Humanities Departmental Survey
Humanities scholars, foundations, and educational
policymakers lack important information about roughly one-third of the
disciplines that form the core of a liberal arts education. The absence of
basic empirical data has become a particularly urgent problem now, when new
economic, curricular, and ideological pressures threaten support for the
humanities.
The Humanities Departmental Survey seeks to fill this
gap in humanities data. It is a collaborative effort to collect, compare, and
analyze information from humanities departments across several academic
disciplines. Working with representatives from national humanities
organizations and disciplinary associations, such as the Modern Language
Association and the American Historical Association, project participants have
developed a survey instrument designed to bring consistency to already-existing
data collection efforts in the humanities.
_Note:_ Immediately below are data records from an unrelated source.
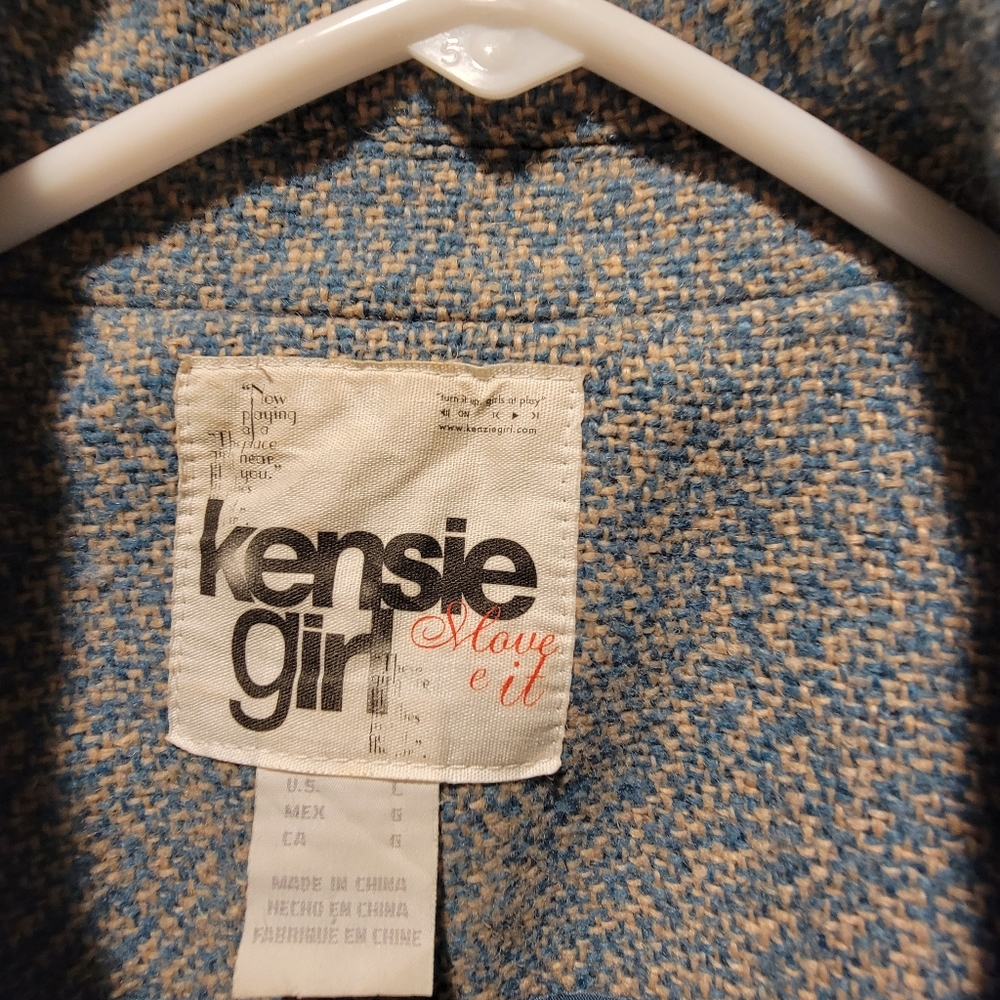 Kensie Girl Twead Reproduction Jacket, Medium - Picture 2 of 5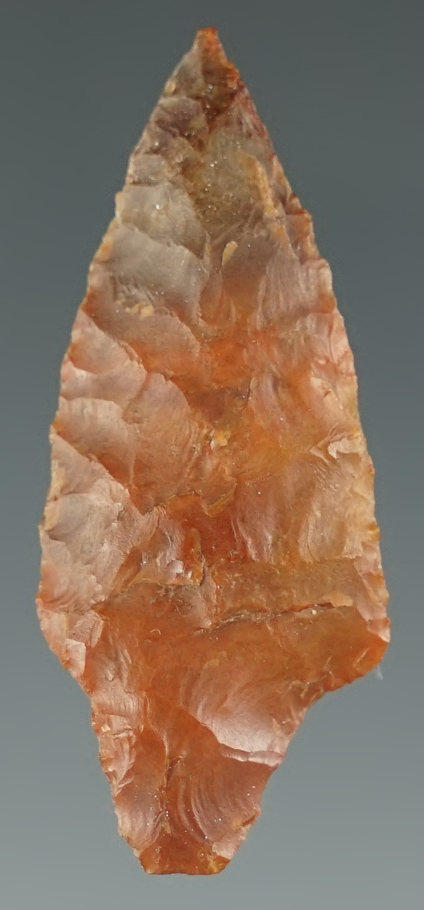 1 1/2" Stemmed Darl made from red Jasper. Found near the Columbia River, Oregon.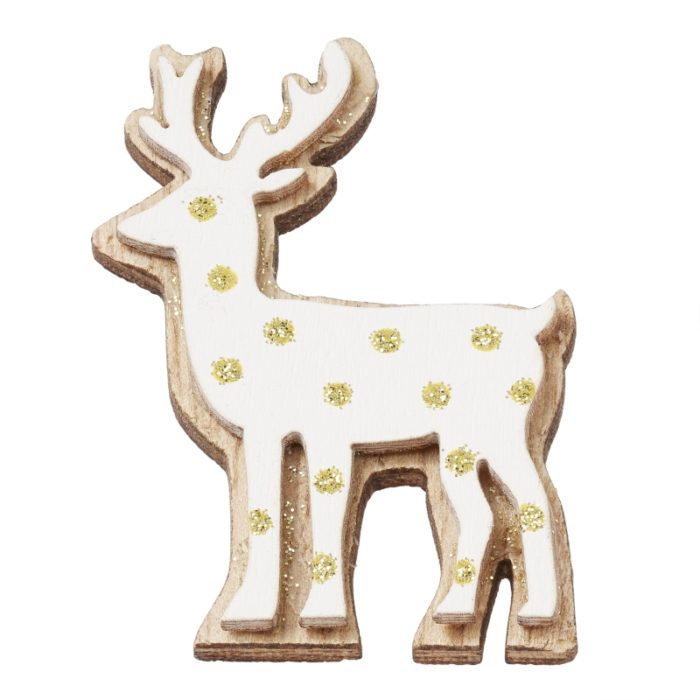 Veado de Madeira 50mm (2 un.)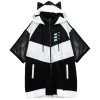 LISTEN FLAVOR Cat Ear Capsule Mesh Jersey Hoodie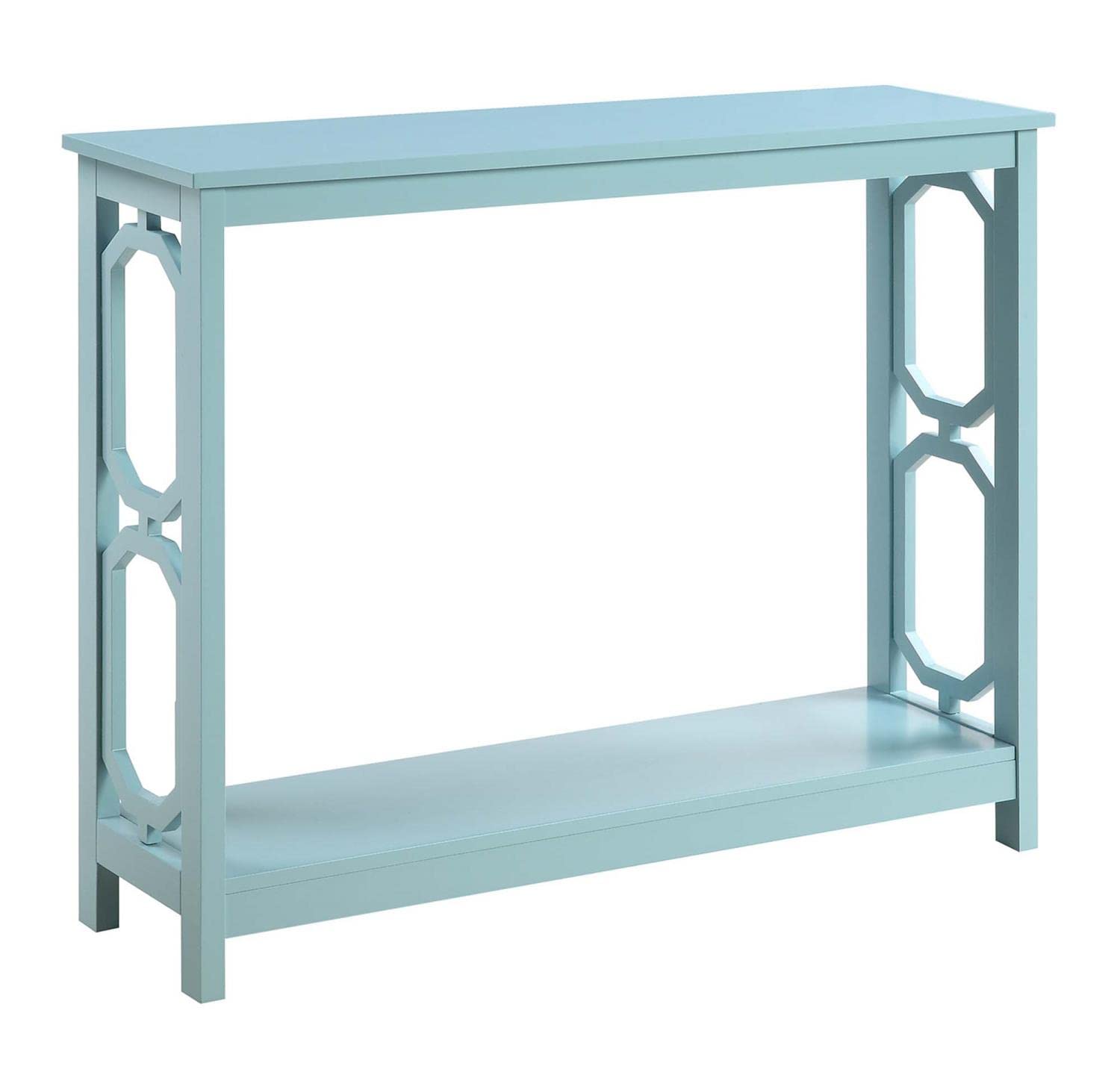 TABLE | Ergode Omega Console Table with Shelf | Stylish & Practical | 2 Tiers for Display | Contemporary Design | Easy to Maintain | Hidden Storage | Quick Assembly | Omega Collection by Ergode | casafoyer.myshopify.com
The survey will be administered during the 2007-2008
academic year to approximately 1,100 departments in the humanities. The
disciplines to be surveyed are: history, English, foreign languages and
literatures, art history, linguistics, and religion. The survey will gather
various data in each discipline, including the number and nature of faculty;
the distribution of teaching loads; the number of undergraduate majors and
minors; and jobs secured by graduates. The survey also will
identify other areas of concern that can be used to produce indicators of
the health of the humanities in higher education.
The collected information will be compiled, sorted, and
analyzed along with data gathered independently in 2006 from political science
departments. The results will be made available electronically. The long-term
goal is to incorporate the data into the
Humanities Indicators, also part of the Academy’s Initiative for
Humanities and Culture.
The Humanities Departmental Survey received funding from the William and Flora Hewlett Foundation and the Teagle Foundation.